Ink on rice paper, c. 1965
Directly cut cylinders
We fondly refer to the above style as “laughing man” although Harry did not name them at all. The above sculptures, while appearing very simple, are actually very difficult to create. The clean straight cut combined with the heat necessary to bend it open while leaving the cut intact is challenging to achieve in one piece. These directly molded pieces were mainly created in the 1960s, but again, as Harry was wont to do, some showed up in the 1970s.
The form below combines several techniques. The near-cube base is simply cut and patinated. The curved shape had to be heated and shaped several times to get the steep curve.
Melt pressed bronze atop patinated base, 6 inches, c. 1968
The blunt end is polished to add interest. This form might be considered directly molded as well as melt pressed. This leads into the melt pressed sculptures themselves.
Ink on rice paper, c. 1968
Molded bronze forms ranging from 4 to 11 inches, c. 1965
The melt pressed pieces were heated by torch to malleability, then forcibly pressed and pounded into various shapes. They were pressed so strongly or so many times that the original metal shape was no longer discernible. I like to call them “paperweights” and Harry sometimes referred to them as “coins.” It would have to be a very strong person to use them as coins! One of these round flat pieces keeps my papers from blowing around on my desk and I like it very much.

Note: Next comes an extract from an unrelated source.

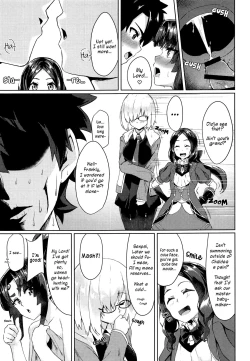 Page 20 of Yappari Ushiwaka nandesu yo ne | Who Else But Ushi?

Melt pressed, all approximately 3 inches wide, c. 1967
One of the evening ventures in the mid-1960s resulted in forms we call shot fusion. Harry liked to use small beads, about BB pellet size, to create interesting forms. He discovered these shot pellets inside large wooden crates containing the rod supplies he used for tonals. They were leftovers from the process of extruding wires and rods and accidentally landed in the shipping crates. The metal supply companies considered them worthless waste material. Harry explored using these round shots to make fascinating flat surfaces and later as he gained more skill in the unusual technique, other more complex shapes. He liked them so much that he began to order the shot specifically from the metal company, and naturally they charged him for the junk with a newfound use. Harry was, perhaps, one of the first ecologically minded sculptors, as he enjoyed making use of every scrap of metal that came his way.

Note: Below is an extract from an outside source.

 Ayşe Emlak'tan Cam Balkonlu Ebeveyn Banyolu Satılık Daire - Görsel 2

11 inch tall shot “tree” with opening at top, recently offered at Freeman’s
The shot fusion sculptures are unique to Harry’s oeuvre, as far as I know. I deduce that he initially laid a flat bronze or copper sheet on his work table, and then gently grouped or placed the shot on the flat surface and welded them all together. Some of the box-like shaped pieces were simply several of the flat plates welded together, as above. But others had to be constructed in a different method, as the shape was not at all flat but rather undulating. If any metal workers in our audience read this and have ideas on how these were built, let us know! Somehow, Harry found a way to site each bead on top of the previous ones, possibly by having a very concentrated flame on the torch. At the top, it appears that he positioned single shots in a single line, which had to be an incredibly painstaking process. He sometimes used the word pebbles for the shots as in “bronze pebble tree.” He played around with this technique for several years until he felt he had explored most options, and then let it go.

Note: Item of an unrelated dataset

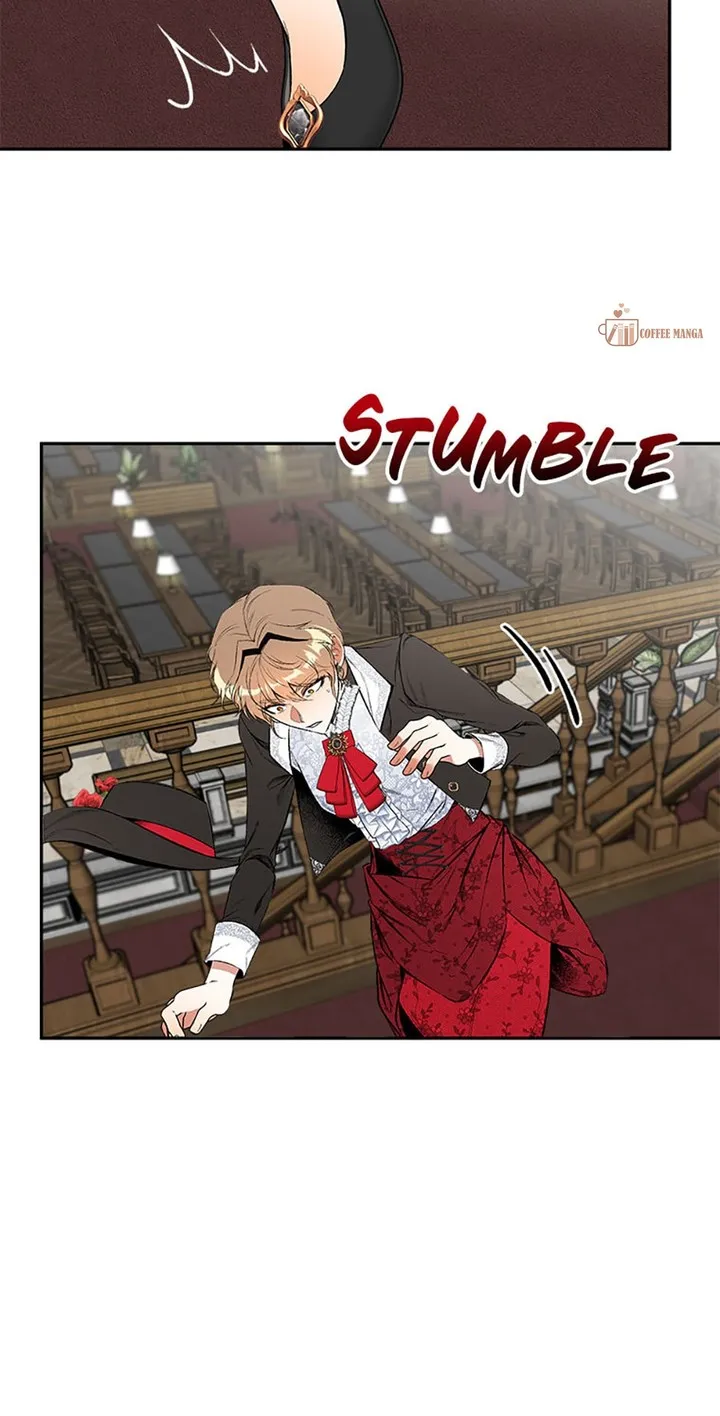 Charlotte’s Wheel Chapter 5 page 62 -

13.5 inch figure on base, private Florida collector
I can just imagine the fun and delight he must have had during these adventuresome sessions. It might be compared to a photographer who does beautiful artistic wedding pictures for a living by day and wild special effect fantasy-scapes by night for pleasure. Although, in Harry’s case, he loved all of his creative processes! The only thing he disliked was keeping track of money and the paperwork. It was these smaller pieces that were often rewarded to a wayward visitor who showed enthusiastic interest. Weren’t they lucky!?